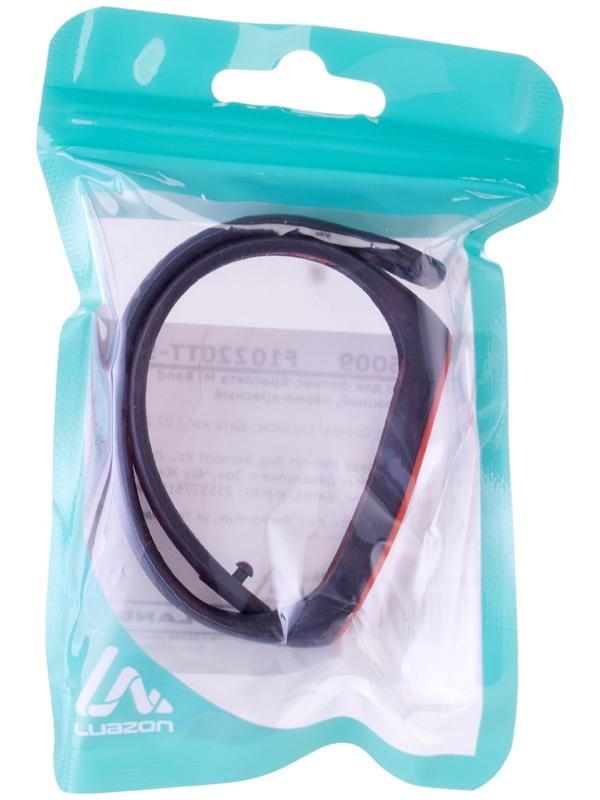 Ремешок Luazon для фитнес-браслета Mi Band 5/6/7, с перфорацией, чёрно-красный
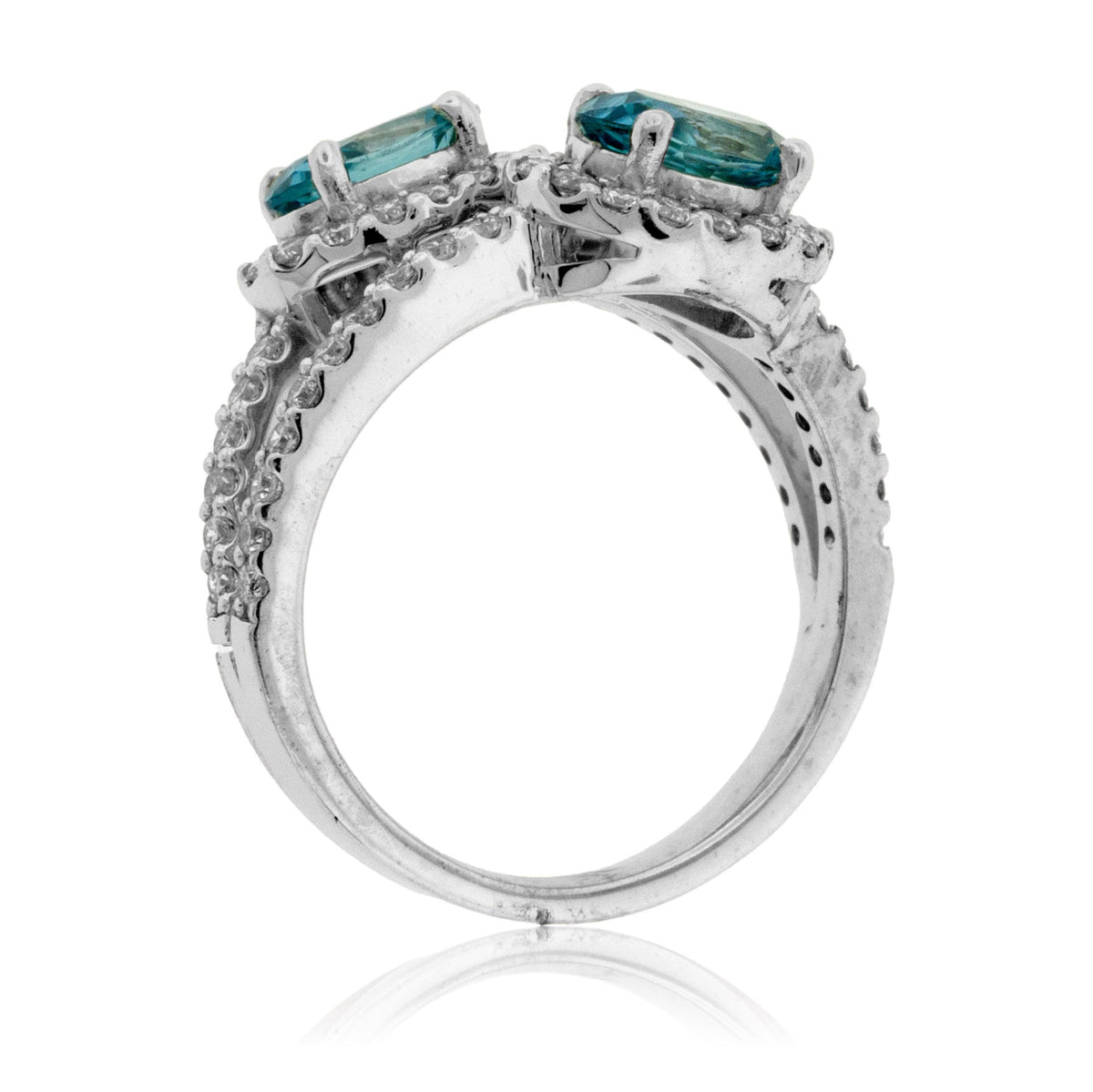Double Oval Blue Zircon & Diamond Ring - Park City Jewelers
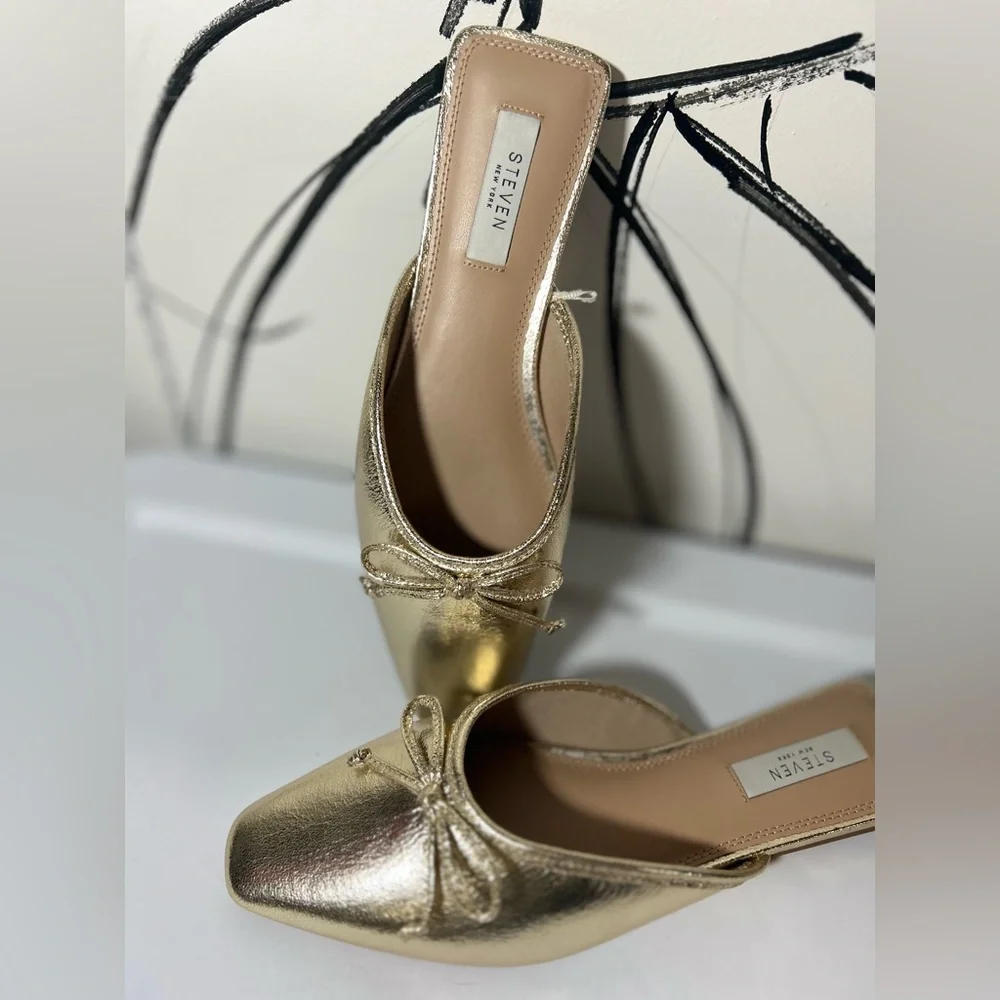 NWOT Steven by Steve Madden New York Gold Metallic Callandra Flat Mule Women’s 9 - Picture 2 of 7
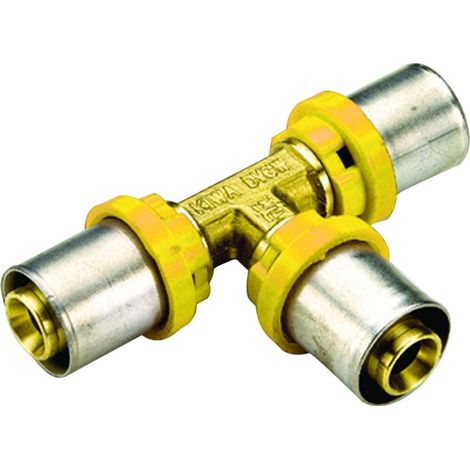 RACCORDO A T INTERMEDIO PER TUBO MULTISTRATO A PRESSARE PER GAS MODELLO AL-COBRAPEX ø16x16x16   TIEMME RACCORDERIE SPA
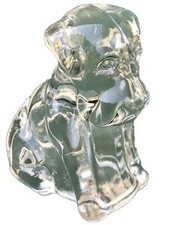 VTG Antq Federal Art Glass Dog Bulldog Figurine Candy Container 40s USA Handmade picture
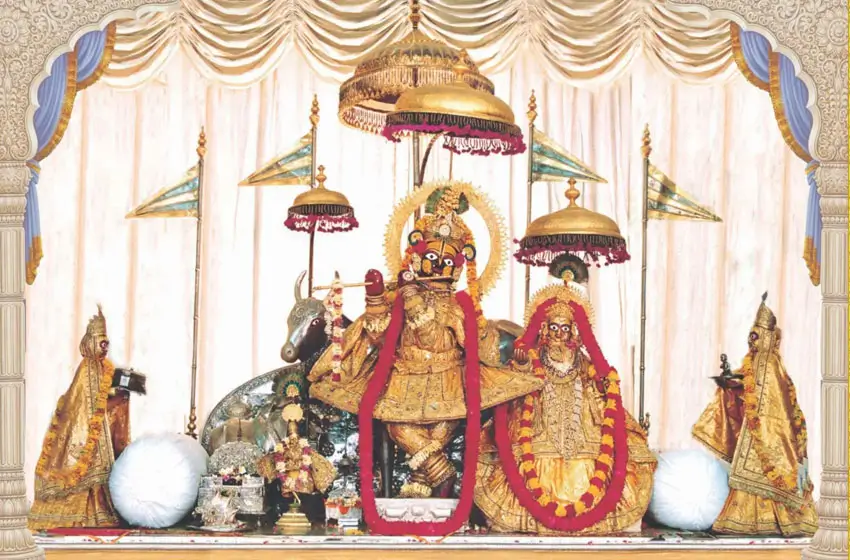 Sacred idol of Govind Dev Ji adorned with flowers and traditional decorations in Jaipur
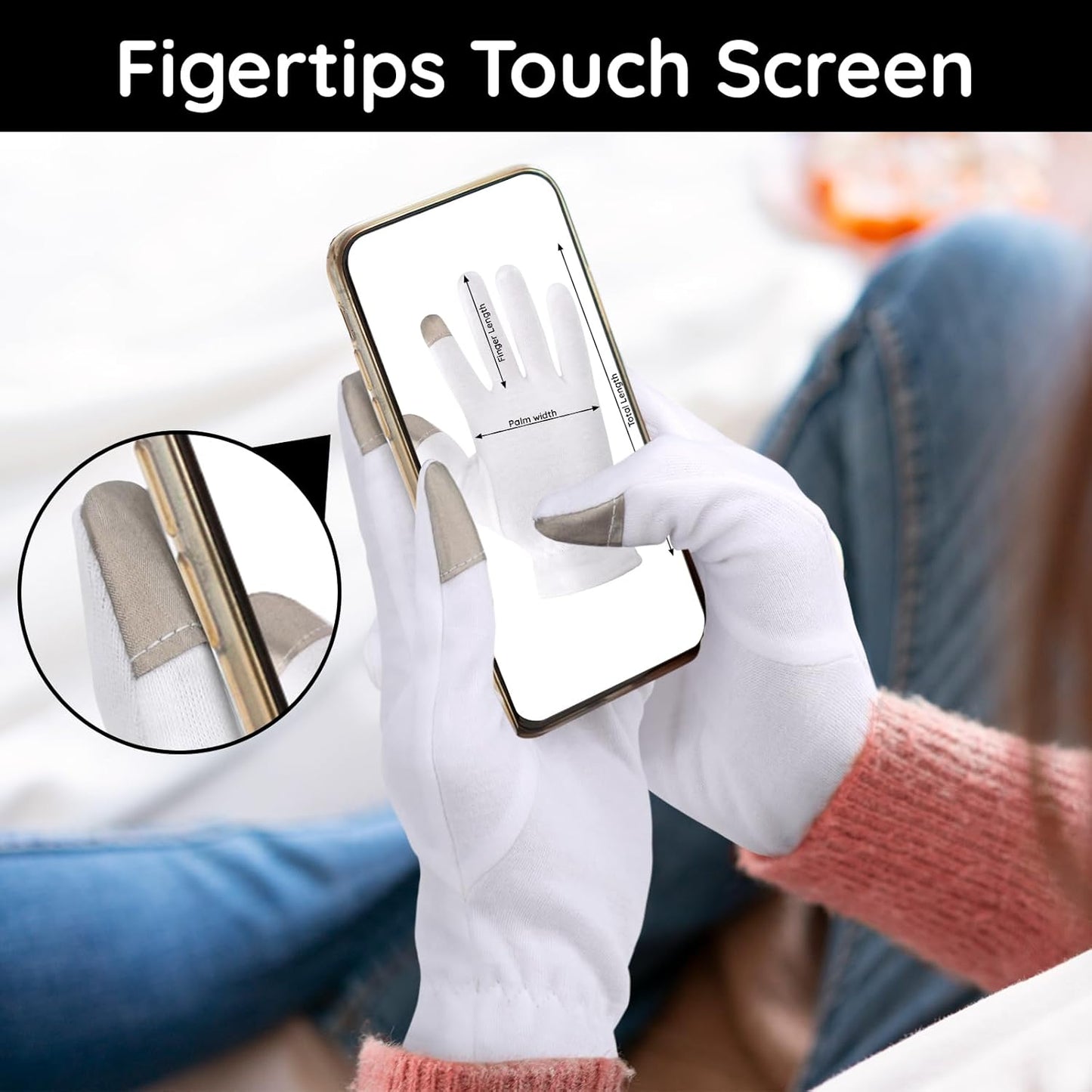 Segbeauty 12 Count Moisturizing Gloves with Touchscreen Fingers, Cotton Glove Liners with Elastic Band for Sleeping Overnight, White Cotton Glovesfor Men and Women, Work Gloves for Coin Handling Large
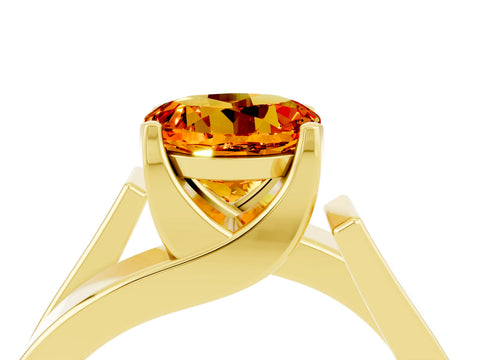 Yellow gold Modern Tension Set Round Cut Citrine Solitaire Wide Band Ring_4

• **What to do**
Find the line with "Double Oval Blue" in the entries above. Set down exactly every line from it up to and including the line with "Sacred idol of", images excluded.

• **Exercise result**
Double Oval Blue Zircon & Diamond Ring - Park City Jewelers
 NWOT Steven by Steve Madden New York Gold Metallic Callandra Flat Mule Women’s 9 - Picture 2 of 7
 RACCORDO A T INTERMEDIO PER TUBO MULTISTRATO A PRESSARE PER GAS MODELLO AL-COBRAPEX ø16x16x16   TIEMME RACCORDERIE SPA
 VTG Antq Federal Art Glass Dog Bulldog Figurine Candy Container 40s USA Handmade picture
 Sacred idol of Govind Dev Ji adorned with flowers and traditional decorations in Jaipur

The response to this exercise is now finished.